Supplied material:
# # #

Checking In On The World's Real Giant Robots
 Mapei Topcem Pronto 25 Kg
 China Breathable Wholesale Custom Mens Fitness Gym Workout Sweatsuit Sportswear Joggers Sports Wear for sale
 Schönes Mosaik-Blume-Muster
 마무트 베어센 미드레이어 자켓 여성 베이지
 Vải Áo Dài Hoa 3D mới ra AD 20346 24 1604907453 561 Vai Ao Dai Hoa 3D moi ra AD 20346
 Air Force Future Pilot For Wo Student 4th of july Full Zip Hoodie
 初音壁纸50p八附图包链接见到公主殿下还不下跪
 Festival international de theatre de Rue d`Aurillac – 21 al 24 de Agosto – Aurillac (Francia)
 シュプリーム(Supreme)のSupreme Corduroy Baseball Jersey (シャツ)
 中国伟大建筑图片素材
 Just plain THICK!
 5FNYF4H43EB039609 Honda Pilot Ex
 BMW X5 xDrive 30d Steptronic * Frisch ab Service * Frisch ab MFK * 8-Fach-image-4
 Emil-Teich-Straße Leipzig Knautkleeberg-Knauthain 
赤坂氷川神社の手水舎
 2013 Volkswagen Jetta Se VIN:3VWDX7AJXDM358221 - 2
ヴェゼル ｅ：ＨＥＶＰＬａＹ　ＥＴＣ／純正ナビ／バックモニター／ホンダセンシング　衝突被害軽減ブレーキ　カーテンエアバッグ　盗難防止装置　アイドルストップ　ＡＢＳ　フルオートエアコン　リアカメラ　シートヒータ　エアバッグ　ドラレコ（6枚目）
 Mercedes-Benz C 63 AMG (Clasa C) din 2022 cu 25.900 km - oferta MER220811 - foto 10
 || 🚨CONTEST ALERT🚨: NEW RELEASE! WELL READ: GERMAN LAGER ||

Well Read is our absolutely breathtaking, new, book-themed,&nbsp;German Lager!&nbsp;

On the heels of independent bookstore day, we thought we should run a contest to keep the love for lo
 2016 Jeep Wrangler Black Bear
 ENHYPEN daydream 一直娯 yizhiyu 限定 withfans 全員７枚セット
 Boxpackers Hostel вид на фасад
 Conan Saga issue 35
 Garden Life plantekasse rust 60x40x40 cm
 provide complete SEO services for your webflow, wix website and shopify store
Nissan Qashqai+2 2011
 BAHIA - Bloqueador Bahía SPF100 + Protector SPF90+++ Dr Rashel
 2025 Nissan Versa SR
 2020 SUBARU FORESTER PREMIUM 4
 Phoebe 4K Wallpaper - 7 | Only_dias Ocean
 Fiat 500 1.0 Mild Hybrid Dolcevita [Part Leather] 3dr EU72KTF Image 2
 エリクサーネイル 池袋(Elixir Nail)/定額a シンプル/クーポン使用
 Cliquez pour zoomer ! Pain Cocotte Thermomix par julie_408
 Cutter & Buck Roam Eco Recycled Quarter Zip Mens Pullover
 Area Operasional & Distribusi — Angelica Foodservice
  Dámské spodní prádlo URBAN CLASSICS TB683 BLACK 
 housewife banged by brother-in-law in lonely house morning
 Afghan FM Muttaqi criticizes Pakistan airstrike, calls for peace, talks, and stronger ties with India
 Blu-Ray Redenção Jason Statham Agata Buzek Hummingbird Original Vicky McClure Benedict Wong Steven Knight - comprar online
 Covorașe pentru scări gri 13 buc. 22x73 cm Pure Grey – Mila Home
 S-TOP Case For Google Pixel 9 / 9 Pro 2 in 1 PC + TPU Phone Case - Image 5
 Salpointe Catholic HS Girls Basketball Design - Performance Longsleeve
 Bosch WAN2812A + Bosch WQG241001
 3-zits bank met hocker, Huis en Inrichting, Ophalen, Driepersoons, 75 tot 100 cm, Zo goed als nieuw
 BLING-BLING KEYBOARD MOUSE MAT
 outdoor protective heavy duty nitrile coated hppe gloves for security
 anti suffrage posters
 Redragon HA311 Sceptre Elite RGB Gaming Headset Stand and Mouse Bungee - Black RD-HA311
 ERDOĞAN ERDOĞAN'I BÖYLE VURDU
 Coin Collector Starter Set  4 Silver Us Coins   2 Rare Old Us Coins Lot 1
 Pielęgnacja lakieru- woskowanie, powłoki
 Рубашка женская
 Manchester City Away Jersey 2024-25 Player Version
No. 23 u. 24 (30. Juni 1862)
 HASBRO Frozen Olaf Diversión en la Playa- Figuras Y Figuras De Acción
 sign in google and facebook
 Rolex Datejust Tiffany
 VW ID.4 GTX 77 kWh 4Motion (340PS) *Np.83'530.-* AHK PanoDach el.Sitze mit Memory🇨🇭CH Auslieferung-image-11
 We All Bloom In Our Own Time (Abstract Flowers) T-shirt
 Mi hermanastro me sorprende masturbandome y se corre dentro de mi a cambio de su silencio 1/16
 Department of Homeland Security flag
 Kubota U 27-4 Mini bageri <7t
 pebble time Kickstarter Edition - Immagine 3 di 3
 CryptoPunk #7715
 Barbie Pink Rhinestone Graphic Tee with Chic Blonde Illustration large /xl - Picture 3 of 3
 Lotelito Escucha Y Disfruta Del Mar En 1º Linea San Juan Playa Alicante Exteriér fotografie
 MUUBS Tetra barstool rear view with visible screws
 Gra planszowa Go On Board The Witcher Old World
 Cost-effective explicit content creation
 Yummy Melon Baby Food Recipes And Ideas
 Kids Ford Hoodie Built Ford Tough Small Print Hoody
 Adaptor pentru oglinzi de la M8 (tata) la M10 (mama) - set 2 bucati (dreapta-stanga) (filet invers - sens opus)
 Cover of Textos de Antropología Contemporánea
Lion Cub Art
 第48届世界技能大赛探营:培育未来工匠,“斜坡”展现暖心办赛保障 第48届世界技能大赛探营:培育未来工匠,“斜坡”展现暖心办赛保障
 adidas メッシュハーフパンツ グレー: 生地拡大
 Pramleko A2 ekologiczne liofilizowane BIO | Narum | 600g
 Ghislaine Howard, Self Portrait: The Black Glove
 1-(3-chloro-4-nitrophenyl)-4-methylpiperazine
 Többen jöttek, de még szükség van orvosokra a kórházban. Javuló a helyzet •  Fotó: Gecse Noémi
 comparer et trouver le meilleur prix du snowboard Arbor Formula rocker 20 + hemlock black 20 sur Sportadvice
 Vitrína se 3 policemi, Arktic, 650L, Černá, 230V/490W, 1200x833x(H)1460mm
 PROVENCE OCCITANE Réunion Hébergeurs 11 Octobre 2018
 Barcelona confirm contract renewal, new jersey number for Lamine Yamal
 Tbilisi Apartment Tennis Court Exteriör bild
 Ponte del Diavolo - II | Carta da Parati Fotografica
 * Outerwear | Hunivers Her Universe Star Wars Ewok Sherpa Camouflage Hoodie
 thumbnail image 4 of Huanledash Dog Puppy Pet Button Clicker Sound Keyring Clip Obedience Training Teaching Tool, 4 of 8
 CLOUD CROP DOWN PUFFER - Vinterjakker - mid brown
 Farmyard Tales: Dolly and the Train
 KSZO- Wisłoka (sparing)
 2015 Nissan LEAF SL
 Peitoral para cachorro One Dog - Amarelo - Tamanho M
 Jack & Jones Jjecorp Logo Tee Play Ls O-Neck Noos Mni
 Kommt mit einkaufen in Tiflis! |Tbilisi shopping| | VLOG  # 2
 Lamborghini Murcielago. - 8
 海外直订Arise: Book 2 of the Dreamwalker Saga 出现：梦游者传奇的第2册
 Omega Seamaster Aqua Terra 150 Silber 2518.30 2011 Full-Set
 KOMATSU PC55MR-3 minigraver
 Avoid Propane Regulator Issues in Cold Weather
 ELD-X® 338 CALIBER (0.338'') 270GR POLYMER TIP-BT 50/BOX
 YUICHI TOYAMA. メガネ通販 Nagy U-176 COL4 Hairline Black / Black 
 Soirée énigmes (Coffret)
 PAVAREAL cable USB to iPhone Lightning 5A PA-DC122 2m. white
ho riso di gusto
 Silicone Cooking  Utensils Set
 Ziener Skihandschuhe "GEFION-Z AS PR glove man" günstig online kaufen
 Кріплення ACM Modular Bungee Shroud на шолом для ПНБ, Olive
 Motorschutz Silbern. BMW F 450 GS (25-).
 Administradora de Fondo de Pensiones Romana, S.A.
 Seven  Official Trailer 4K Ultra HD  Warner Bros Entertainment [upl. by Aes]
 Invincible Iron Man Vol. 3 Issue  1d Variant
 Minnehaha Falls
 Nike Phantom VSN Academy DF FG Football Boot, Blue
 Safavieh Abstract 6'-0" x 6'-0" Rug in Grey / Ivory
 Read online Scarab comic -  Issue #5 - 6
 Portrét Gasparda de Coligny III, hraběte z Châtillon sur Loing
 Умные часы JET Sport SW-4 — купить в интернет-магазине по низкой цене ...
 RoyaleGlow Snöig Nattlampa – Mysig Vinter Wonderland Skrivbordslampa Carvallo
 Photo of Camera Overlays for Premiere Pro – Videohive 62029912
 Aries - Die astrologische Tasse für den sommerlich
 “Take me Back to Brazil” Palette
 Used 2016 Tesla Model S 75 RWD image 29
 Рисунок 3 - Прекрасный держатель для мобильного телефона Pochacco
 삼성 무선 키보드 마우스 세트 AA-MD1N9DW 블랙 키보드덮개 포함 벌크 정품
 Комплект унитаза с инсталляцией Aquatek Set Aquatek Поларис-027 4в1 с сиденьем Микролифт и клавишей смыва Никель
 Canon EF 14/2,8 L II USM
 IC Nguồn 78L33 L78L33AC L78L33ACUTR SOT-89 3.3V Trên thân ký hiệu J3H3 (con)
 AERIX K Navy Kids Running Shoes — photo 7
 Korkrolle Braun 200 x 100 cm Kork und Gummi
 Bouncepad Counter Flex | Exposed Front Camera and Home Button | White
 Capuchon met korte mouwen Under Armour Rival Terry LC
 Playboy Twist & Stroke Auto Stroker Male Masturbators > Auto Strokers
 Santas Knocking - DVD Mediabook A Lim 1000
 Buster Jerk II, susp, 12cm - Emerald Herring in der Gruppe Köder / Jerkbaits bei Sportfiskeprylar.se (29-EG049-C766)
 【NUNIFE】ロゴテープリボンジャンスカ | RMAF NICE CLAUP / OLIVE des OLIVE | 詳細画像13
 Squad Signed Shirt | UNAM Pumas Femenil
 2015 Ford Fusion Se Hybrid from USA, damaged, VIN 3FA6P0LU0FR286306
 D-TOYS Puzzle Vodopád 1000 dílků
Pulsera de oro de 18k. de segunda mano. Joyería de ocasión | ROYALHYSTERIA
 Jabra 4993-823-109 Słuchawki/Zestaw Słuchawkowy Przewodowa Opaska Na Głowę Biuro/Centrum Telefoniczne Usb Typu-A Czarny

# # #

Goal of the exercise: Give the count of lines in the listing that hold "Mens", and write nothing beyond it.

Final answer: 2